_Work item_
Below are the entries. Print only the lines starting at the one with "Adidas Brown Originals" and ending at the one with "Namsan in autumn Namsan in autumn 70972757", exactly, with no pictures.

_The records_

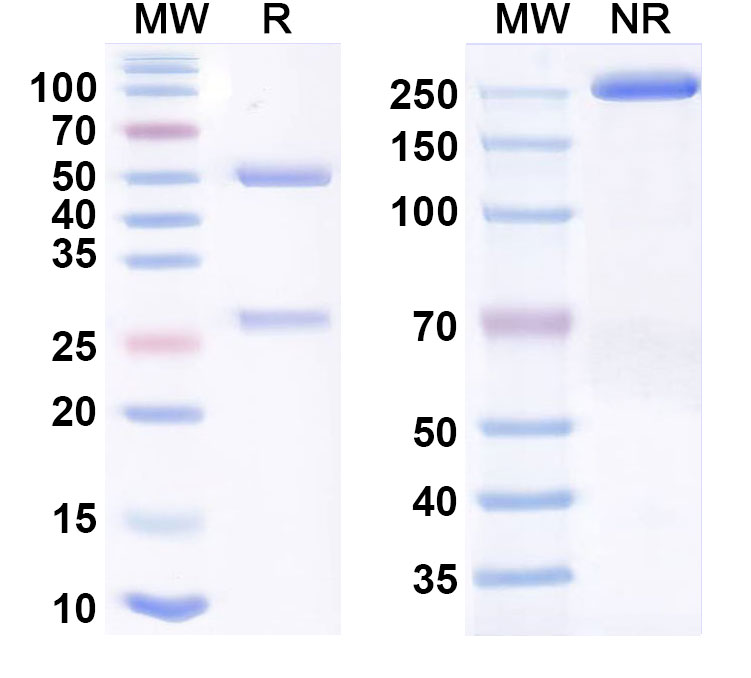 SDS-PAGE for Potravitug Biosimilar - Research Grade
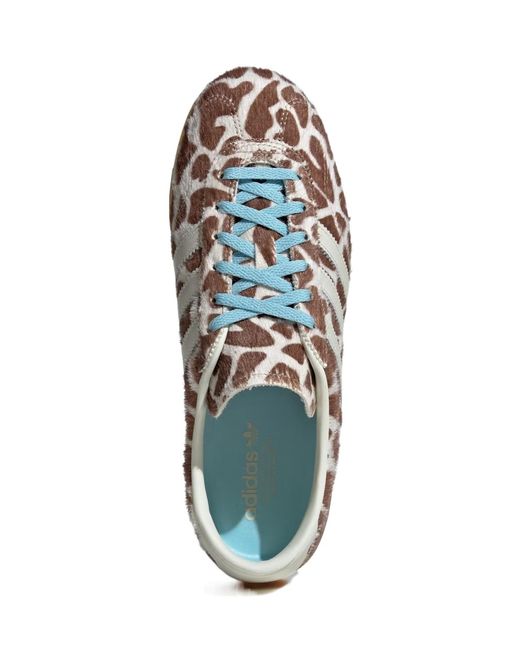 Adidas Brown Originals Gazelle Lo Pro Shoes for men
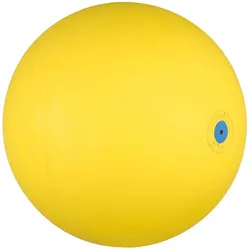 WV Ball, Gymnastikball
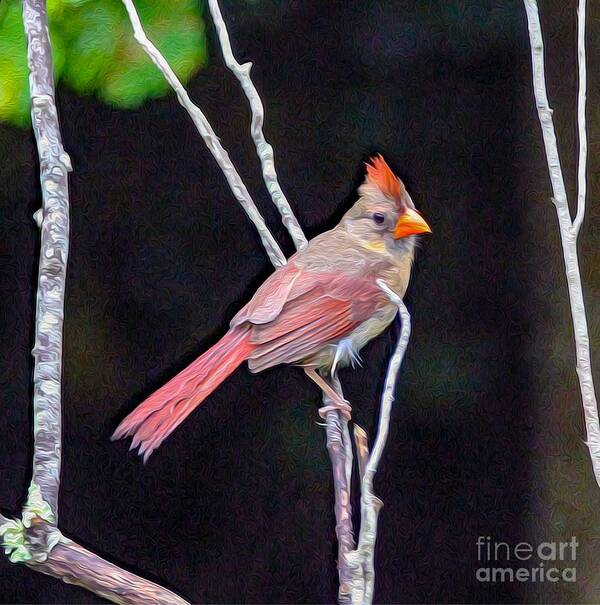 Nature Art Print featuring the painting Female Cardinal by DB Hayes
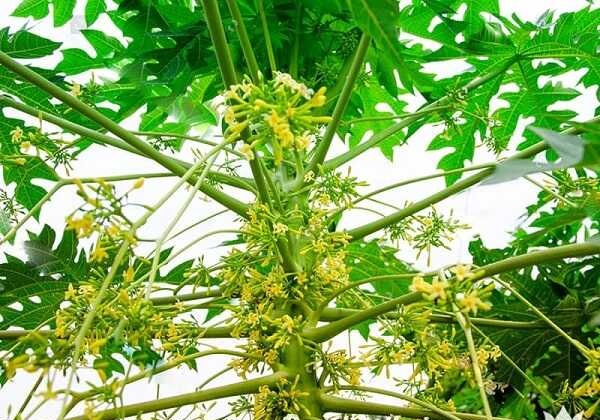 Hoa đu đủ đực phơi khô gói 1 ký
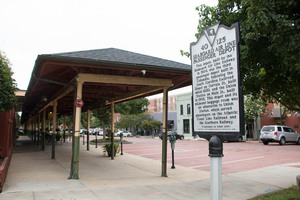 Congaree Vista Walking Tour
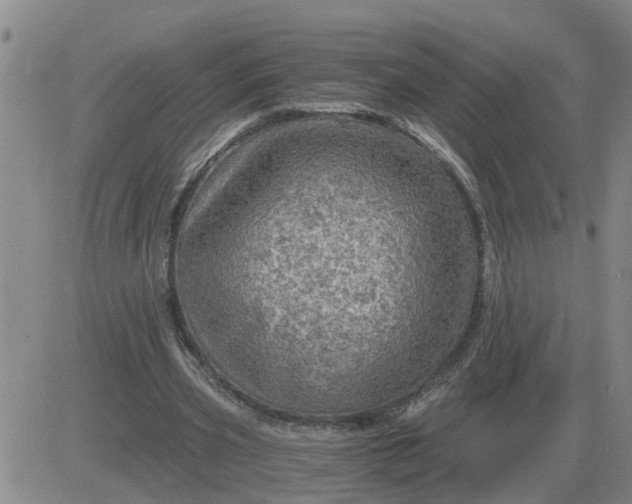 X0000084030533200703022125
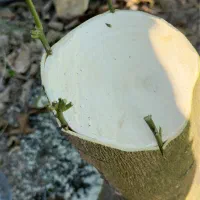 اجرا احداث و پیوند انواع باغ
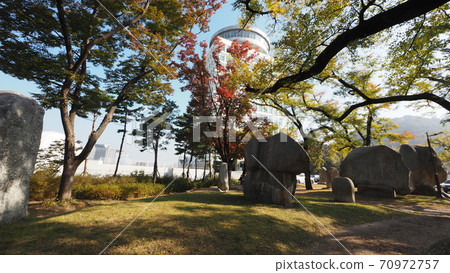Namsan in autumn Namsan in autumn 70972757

--

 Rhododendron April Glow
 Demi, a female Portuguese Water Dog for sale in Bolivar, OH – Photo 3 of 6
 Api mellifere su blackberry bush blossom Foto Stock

_Solution for this problem_
 Adidas Brown Originals Gazelle Lo Pro Shoes for men
 WV Ball, Gymnastikball
 Nature Art Print featuring the painting Female Cardinal by DB Hayes
 Hoa đu đủ đực phơi khô gói 1 ký
 Congaree Vista Walking Tour
 X0000084030533200703022125
 اجرا احداث و پیوند انواع باغ
Namsan in autumn Namsan in autumn 70972757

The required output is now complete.